Trading Lessons from The Art of War

Trading Lessons from The Art of War
Revered the world over for centuries as the essential text for warfare and battle by the ancient philosopher and general Sun Tzu (544 BC–496 BC) explains the principles for dealing with war, personal conflicts, and achieving success in the battles of life.

Here are ten principles I believe we can translate to trading the markets.

“Appear weak when you are strong, and strong when you are weak.” – Sun Tzu, The Art of War

The markets can defeat us when it appears strong when it is extremely overbought and due for a reversal or it appears weak but is extremely oversold and due for a bounce. When a daily chart is at the 70 RSI, 3rd upper Bollinger Band, or 3rd upper ATR Keltner Channel it may appear strong but the odds are it is weak and ready to reverse lower. When a daily chart is at the 30 RSI, 3rd lower Bollinger Band, or 3rd lower ATR Keltner Channel it may appear weak but the odds are it is strong and ready to bounce.

“If you know the enemy and know yourself, you need not fear the result of a hundred battles. If you know yourself but not the enemy, for every victory gained you will also suffer a defeat. If you know neither the enemy nor yourself, you will succumb in every battle.” – Sun Tzu, The Art of War

A trader must know both their own weaknesses and strength and their trading system’s positive expectancy thoroughly. If you are self aware and know how your system works you don’t need to stress over the results of your next 100 trades.

“The supreme art of war is to subdue the enemy without fighting.” – Sun Tzu, The Art of War

A trader should not be trying to beat the market they should be going with the flow of price action.

“Let your plans be dark and impenetrable as night, and when you move, fall like a thunderbolt.” – Sun Tzu, The Art of War

Don’t talk about your positions and don’t try to make predictions and have strong opinions, just trade your strategy with focus and discipline and make money quietly.

“Supreme excellence consists of breaking the enemy’s resistance without fighting.” – Sun Tzu, The Art of War

Don’t fight trends that are taking place only enter at the moment of a new break out of a range.

“In the midst of chaos, there is also opportunity” – Sun Tzu, The Art of War

Extreme market moves and volatility can create some of the best trading opportunities.

“Victorious warriors win first and then go to war, while defeated warriors go to war first and then seek to win” – Sun Tzu, The Art of War

Profitable traders first win by backtesing, doing historical chart studies, and creating a trading system with a positive expectancy model, then they start trading real money.
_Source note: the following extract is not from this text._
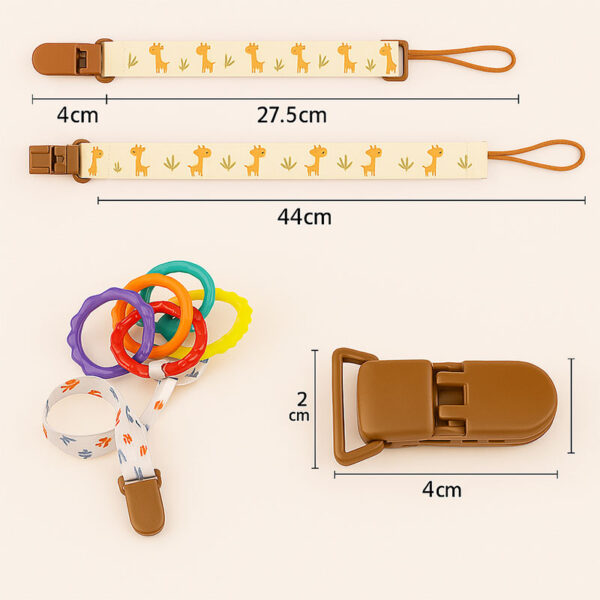 Baby Pacifier Clip & Dummy Chain, designed for modern parents who want safety, style, and peace of mind.
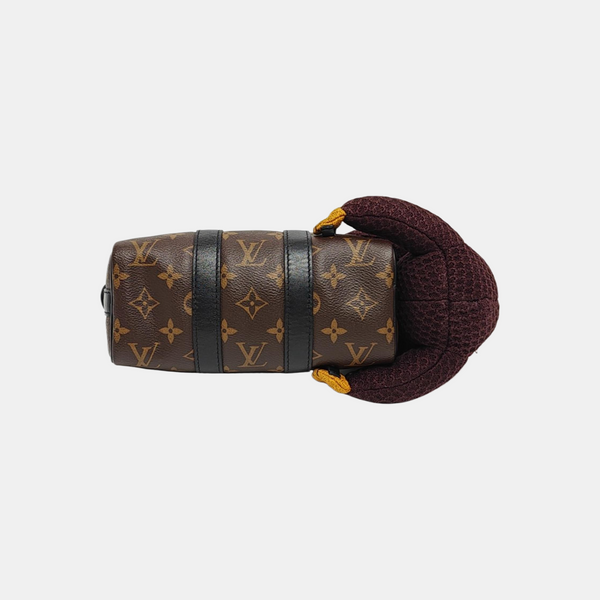 KEEPALL Nano Monogram Coated Canvas Brown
Unprofitable traders just start buying and selling based on random opinions and hope to make money.

“Engage people with what they expect; it is what they are able to discern and confirms their projections. It settles them into predictable patterns of response, occupying their minds while you wait for the extraordinary moment — that which they cannot anticipate.” – Sun Tzu, The Art of War 

Find repeatable patterns in the price action of the markets that you can use to create profitable trading signals for.

“Opportunities multiply as they are seized.” – Sun Tzu

A larger watchlist of stocks and markets provides more opportunities for profitable trades across additional charts if they backtest well. 

“Thus we may know that there are five essentials for victory:
1. He will win who knows when to fight and when not to fight.
2. He will win who knows how to handle both superior and inferior forces.
3. He will win whose army is animated by the same spirit throughout all its ranks.
4. He will win who, prepared himself, waits to take the enemy unprepared.
5. He will win who has military capacity and is not interfered with by the sovereign.”
– Sun Tzu, The Art of War

There are five essentials for profitable trading:

  1. There is a time to trade and time not to trade, you must know the difference to make money. 
  2. A trader must know how to trade in different types of markets, uptrends, downtrends, sideways, and volatile. 
  3. A trader must not let their emotions be moved to lose discipline by euphoria after wins or depression after losses. 
  4. A trader’s primary job is to have the patience to wait for their signals and not chase price action. 
  5. That trader who can follow their profitable system without being led astray by their ego or emotions will find success.